Michael A. Brown says that, as D.C. mayor, he would stop construction of the Washington Nationals’ baseball stadium on South Capitol Street and instead would refurbish RFK Stadium for the team.

“The city is going to build a stadium for the team or refurbish, from my standpoint. … I think the city should’ve selected the location. I don’t think [Major League Baseball] should’ve forced us as to where,” Mr. Brown said during an interview with editors and reporters at The Washington Times.

“When this deal is done, it’s going to be $1 billion. What I’d like to do is reprogram some of those dollars to other things here in the District of Columbia and at the same time refurbish RFK.”

Mr. Brown, a lobbyist, is seeking the Democratic nomination for mayor in the Sept. 12 primary.

He said he plans to hold a press conference this week to provide details about his plans for refurbishing RFK, refinancing the stadium and redistributing bond dollars that are funding the South Capitol Street stadium project.

Mr. Brown acknowledged the apparent difficulties in gaining the approval of all interested parties for a new stadium deal but said he can do it. “I didn’t say it was easy, and there are a lot of different moving pieces.”

Refurbishing RFK is just a part of his economic development plan, which also includes attracting small and large businesses, capping property taxes for most residents, eliminating property taxes for seniors and scrapping income taxes for lower-income residents.

“The more development there is, the more people can get hired; the more businesses there are, the more folks I can tax,” he said.

Mr. Brown said he also would work to revamp the D.C. Department of Consumer and Regulatory Affairs (DCRA) by motivating employees and making it easier for businesses to obtain licenses.

“I’d rather assume that businesses are doing things the right way than put so many hurdles before them to get licensed,” he said, citing his success in motivating DCRA workers to approve licenses for fights when he was the city’s boxing commissioner.

Speaking more about his vision for the city than his proposed policies, Mr. Brown said education would be a top priority in his administration. As mayor, he would help limit the public schools superintendent’s appearances before Congress while helping parents connect with their children and motivating students to learn, he said.

“We need to make education a No. 1 priority,” he said. “I think there’s a social issue around education where our young people do not value education anymore.”

Mr. Brown said that motivating children to learn requires the same “attitude adjustment” as reducing crime on D.C. streets.

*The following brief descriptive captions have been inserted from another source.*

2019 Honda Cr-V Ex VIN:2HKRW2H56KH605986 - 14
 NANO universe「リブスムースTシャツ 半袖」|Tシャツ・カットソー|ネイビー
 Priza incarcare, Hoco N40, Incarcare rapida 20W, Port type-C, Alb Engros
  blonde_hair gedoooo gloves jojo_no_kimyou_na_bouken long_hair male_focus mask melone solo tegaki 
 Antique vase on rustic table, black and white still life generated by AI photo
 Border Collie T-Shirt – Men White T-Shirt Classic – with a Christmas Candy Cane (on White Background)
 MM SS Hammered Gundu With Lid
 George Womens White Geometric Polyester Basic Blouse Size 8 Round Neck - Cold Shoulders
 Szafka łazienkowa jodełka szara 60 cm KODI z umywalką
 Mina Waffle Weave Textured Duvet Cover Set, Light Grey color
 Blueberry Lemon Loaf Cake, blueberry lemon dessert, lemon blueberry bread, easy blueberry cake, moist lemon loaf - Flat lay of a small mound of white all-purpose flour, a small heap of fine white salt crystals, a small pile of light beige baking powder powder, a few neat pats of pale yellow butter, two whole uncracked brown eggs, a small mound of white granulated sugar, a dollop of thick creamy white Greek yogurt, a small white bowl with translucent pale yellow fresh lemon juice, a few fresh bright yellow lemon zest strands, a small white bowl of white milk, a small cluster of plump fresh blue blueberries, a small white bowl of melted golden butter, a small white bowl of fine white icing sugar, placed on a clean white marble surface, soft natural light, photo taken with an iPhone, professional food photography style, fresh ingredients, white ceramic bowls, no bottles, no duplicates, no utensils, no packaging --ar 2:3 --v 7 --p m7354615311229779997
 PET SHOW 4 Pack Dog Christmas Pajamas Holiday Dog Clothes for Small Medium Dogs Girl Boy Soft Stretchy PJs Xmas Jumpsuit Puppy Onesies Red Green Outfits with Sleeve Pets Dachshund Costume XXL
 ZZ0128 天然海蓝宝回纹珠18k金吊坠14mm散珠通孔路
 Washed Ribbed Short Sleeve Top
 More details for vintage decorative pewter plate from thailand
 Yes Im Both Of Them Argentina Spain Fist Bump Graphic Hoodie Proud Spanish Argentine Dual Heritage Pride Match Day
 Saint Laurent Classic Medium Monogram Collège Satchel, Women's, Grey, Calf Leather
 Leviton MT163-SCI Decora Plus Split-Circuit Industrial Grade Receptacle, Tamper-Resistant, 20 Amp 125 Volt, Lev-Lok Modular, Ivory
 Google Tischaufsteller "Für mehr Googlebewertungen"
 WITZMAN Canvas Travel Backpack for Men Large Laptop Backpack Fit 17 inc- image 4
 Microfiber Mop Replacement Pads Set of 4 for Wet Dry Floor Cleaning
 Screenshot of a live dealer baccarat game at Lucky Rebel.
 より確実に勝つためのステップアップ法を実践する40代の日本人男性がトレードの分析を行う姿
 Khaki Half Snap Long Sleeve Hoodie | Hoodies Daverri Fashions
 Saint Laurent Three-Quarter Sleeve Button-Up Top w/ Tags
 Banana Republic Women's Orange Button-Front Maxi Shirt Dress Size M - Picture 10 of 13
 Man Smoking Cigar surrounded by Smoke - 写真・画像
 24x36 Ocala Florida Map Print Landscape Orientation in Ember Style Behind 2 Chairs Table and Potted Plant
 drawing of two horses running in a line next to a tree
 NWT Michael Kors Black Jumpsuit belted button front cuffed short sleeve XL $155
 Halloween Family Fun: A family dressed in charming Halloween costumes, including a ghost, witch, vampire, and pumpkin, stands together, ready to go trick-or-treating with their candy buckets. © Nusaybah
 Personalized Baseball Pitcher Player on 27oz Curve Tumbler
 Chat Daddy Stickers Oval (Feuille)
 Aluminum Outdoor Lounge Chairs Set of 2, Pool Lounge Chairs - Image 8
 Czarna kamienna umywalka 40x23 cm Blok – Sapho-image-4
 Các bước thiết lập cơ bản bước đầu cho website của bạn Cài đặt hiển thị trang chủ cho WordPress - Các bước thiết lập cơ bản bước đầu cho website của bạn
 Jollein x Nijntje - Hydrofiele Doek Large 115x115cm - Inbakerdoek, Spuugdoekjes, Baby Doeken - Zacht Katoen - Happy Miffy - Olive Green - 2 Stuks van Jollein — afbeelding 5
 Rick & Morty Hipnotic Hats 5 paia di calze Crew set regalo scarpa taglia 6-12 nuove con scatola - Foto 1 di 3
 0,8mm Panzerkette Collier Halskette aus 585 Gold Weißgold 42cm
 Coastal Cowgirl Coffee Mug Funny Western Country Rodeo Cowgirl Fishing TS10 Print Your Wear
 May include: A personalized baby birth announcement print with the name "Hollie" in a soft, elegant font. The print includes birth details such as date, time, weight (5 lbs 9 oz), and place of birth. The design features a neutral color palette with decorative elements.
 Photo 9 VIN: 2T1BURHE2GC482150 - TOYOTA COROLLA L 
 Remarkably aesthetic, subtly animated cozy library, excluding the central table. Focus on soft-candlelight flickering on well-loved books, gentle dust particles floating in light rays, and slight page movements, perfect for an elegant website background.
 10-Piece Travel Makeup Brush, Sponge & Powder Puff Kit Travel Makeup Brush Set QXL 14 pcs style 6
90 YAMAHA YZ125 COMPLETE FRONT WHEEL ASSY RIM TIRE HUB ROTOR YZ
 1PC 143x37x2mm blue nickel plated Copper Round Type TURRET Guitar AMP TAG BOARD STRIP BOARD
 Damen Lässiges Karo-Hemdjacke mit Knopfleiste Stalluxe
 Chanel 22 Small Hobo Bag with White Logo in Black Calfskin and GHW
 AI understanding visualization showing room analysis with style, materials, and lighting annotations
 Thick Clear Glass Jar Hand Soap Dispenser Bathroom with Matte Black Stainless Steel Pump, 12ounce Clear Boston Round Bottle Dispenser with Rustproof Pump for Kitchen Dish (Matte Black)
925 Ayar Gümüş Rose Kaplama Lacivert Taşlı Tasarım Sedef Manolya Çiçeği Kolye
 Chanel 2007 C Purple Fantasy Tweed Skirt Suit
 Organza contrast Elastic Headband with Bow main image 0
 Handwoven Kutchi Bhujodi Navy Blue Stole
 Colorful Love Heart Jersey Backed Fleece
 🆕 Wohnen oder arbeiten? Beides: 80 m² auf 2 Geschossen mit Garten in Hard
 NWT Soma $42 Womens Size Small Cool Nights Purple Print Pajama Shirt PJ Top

“I think you could put a police officer on every corner of the city and have all the citizen watch groups and all the Orange Hat groups you want, as long as some of our young people don’t feel any hope, have opportunity, feel any love at all in this city, they’re going to commit crime,” he said. “The city needs an attitude adjustment.”

Mr. Brown said he would remove emergency medical services (EMS) from under the purview of the fire department. The new agency would not require new funding, but rather take part of the fire department’s budget.

“EMS needs to be an independent branch but working with the fire department, working with the police department,” he said. “This way EMS can have their own, and if they mess up their own budgetary systems, we can find the guilty party.”

Mr. Brown said he would create a city office to “advocate” across the country for D.C. statehood.

“We will have a fully funded statehood office and have a person that wakes up every day thinking about statehood,” he said. “We’re going to have to have some court battles. This is part of that courage issue; we’re going to have to fight.”

He said he would not use the term “lobby” to describe the statehood office’s mission.

The U.S. Constitution prohibits the District from using city or federal dollars to lobby for statehood.